За пять верст от престольного армянского монастыря Ермолов был встречен пятью епископами, которые, сойдя с лошадей, благословили его. Более чем за версту выехал сам патриарх. Русского главнокомандующего приветствовали колокольным звоном и духовным пением. Здесь, несмотря на настояния персидских чиновников, предлагавших без роздыха ехать прямо в Эривань, Ермолов остался на праздник Вознесения.

Эчмиадзин, что в переводе означает «сошел единородный», был построен, по преданию, в 303 году. Внушительный по размерам храм был отделан плитами из порфира, потемневшими от времени. Посреди храма – престол с четырьмя колоннами из таврского алебастра. Слушая прекрасную проповедь католикоса, Алексей Петрович с прискорбием примечал, в каком унизительном положении находится этот почтенный старик. В то время как сам чрезвычайный посол не только не сел в предложенные кресла, но даже отказался встать на специально разостланный для него ковер, шахские чиновники, чтобы унизить армянского патриарха, во время богослужения потребовали себе стулья и громко переговаривались. Когда католикос упоминал имя русского императора, то вслед за этим должен был громко прокричать и имя шаха, иначе его подвергли бы наказанию. Эчмиадзинский монастырь постоянно грабили, совершали в церкви бесчинства, а сам католикос ежеминутно рисковал лишиться жизни.

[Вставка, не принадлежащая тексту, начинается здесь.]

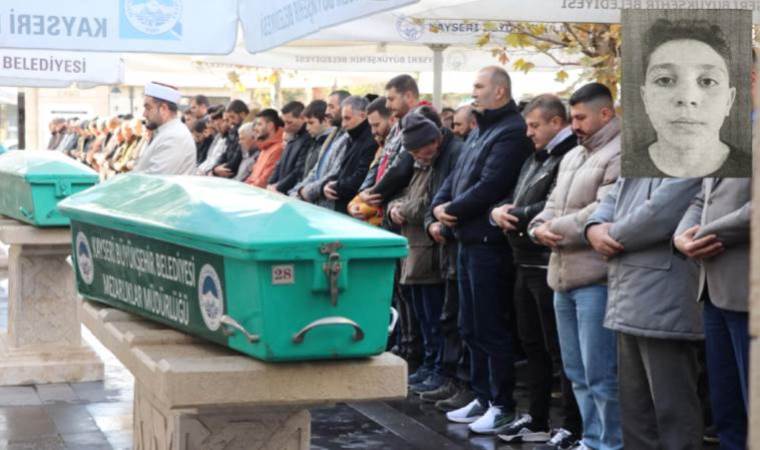 Okul arkadaşı öldürmüştü… Hürkan, son yolculuğuna uğurlandı!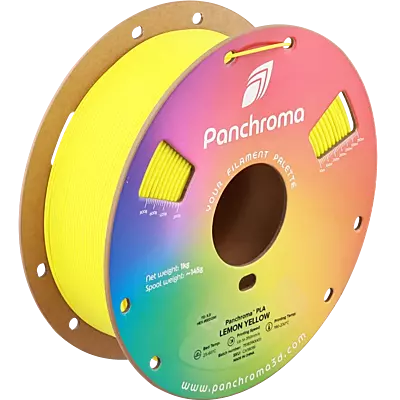 Panchroma™ PLA (1.75 mm, 1 kg) Lemon Yellow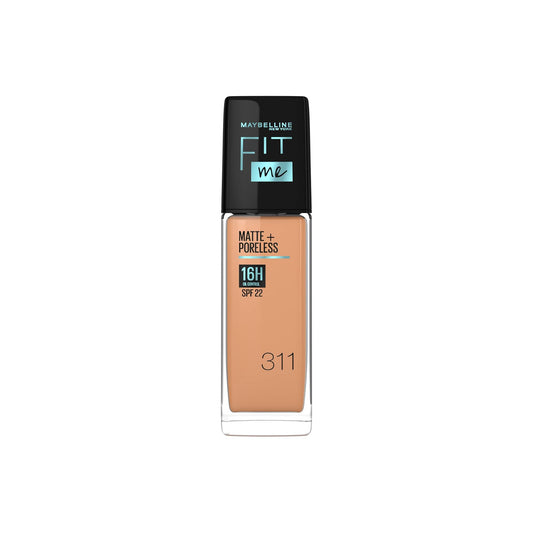 MAYBELLINE 16H MATT PORELESS SPF 22 FOUNDATION 311 30 ML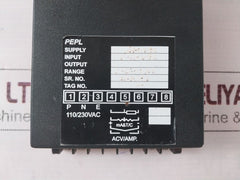 Pyrotech Pepl Digital Panel Volt Meter 110/230 Vac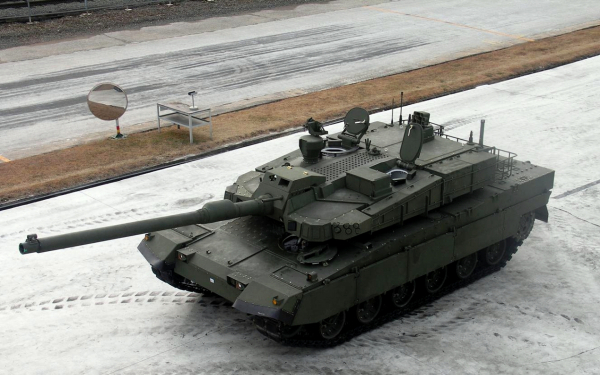 K2 «Чёрная пантера» - современный южнокорейский  танк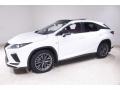 Ultra White 2020 Lexus RX 350 F Sport AWD Exterior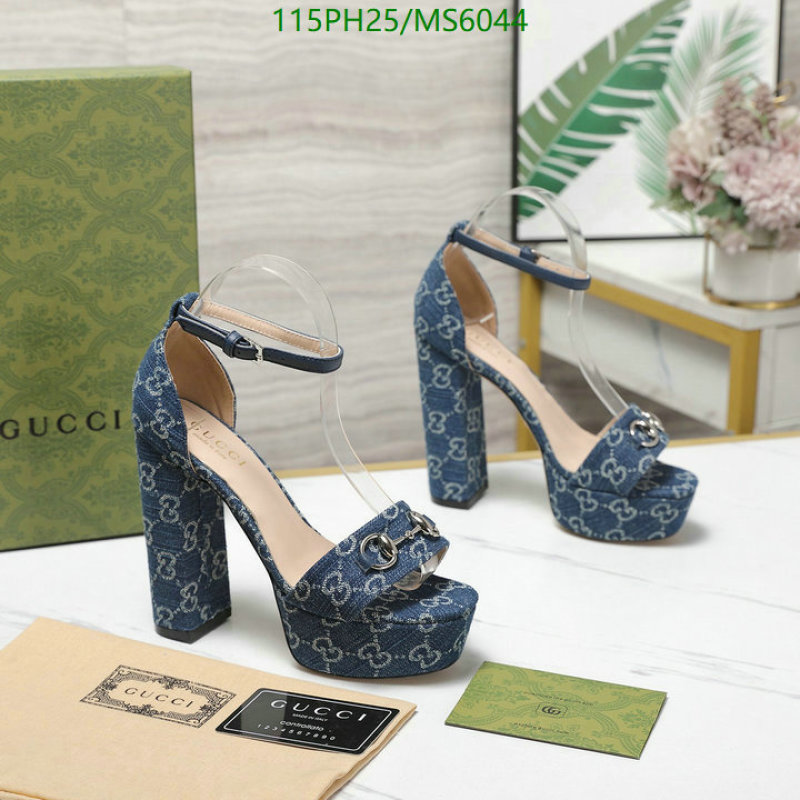 Gucci-Women Shoes Code: MS6044 $: 115USD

Армянский народ изнывал под игом Фетх-Али-шаха. Едва Ермолов углубился в Эриванскую область, как был засыпан жалобами местных жителей на притеснения персов и изъявлением желания присоединиться к России. Но он не имел права на неосторожные обещания и рискованные поступки: вокруг примечено было большое число шпионов, которые доносили о каждом шаге русского посла.

В столице Эриванской области Тебризе жил третий сын и наследник шаха – Аббас-Мирза. Ярый противник России, он фактически управлял страной и вооружался для новой войны. В формировании армии ему деятельно помогала Англия.

Еще в 1809 году англичане вытеснили из Тебриза наполеоновского генерала Гарданна и его офицеров, первых учителей Аббаса в военном деле. Аббас-Мирза организовал регулярную пехоту – сарбазов. При нем находились майор британской службы Монтис и капитан Харт, ставший начальником всей пехоты.

– Они здесь то, чем были капитаны-греки у сатрапов Малой Азии... – говорил медик посольства Мазарович Ермолову.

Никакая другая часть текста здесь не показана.